Fowles hurt her own team with silly mistakes early in the second quarter – although Pokey Chatman’s scheme was arguably just as much to blame. As we’ve seen several times before, Fowles picked up a foul 30 feet away from the hoop trying to hedge hard on a screen, only to make too much contact with the ballhandler. That was her second foul of the game, and was immediately followed by an easy Karima Christmas layup for Indiana when Fowles let her go to avoid adding her third. Minutes later, Fowles hedged hard again, picked up that third foul, and spent the last 6:34 of the first half on the bench as a result.
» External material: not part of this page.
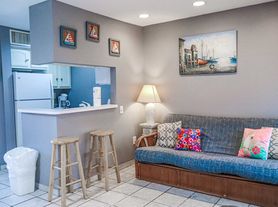 208 W Kingfish St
When you’ve got a franchise center who you desperately need on the court, it’s insane to have her using up her six fouls – and forcing herself to the bench – by hedging so hard a mile away from the basket.
Chicago were down by six when Fowles sat down, and that gap grew as high as 14 in the second quarter with her on the bench. The Sky’s help defense collapsed as Chatman cycled through Sasha Goodlett and Markeisha Gatling in the search for someone to fill the center spot, Erlana Larkins suddenly started scoring inside, and a tight game became one-sided. It also allowed Indiana to be even more obvious in sending extra defenders to stop Elena Delle Donne whenever she tried to attack Tamika Catchings, and slow down Chicago’s scoring even further.
Chatman went a little gimmicky with her lineup to close out the first half, using Gatling for the first time in the entire playoffs and going small on the perimeter with Courtney Vandersloot, Epiphanny Prince and Allie Quigley all playing together. With Quigley hitting a couple of threes in the closing stages, it helped to give the Sky a small foothold back in the game, and pull within eight at halftime. Considering how the second quarter had gone, the amount of time Fowles had spent on the bench and the significant rebounding advantage Indiana had achieved, only being down eight felt like a win for Chicago.
It took just under three minutes of the third quarter for Chatman to realise something that had become increasingly obvious to everybody during the first half – that her best lineup on this particular night involved gluing Prince’s backside to the bench. She hadn’t been able to hit anything all night, whether on jumpers or layups, and considering her ability to create her own offense is the main reason to have her on the floor, that made her a liability. Quigley came in instead, and Prince wouldn’t return for a long time.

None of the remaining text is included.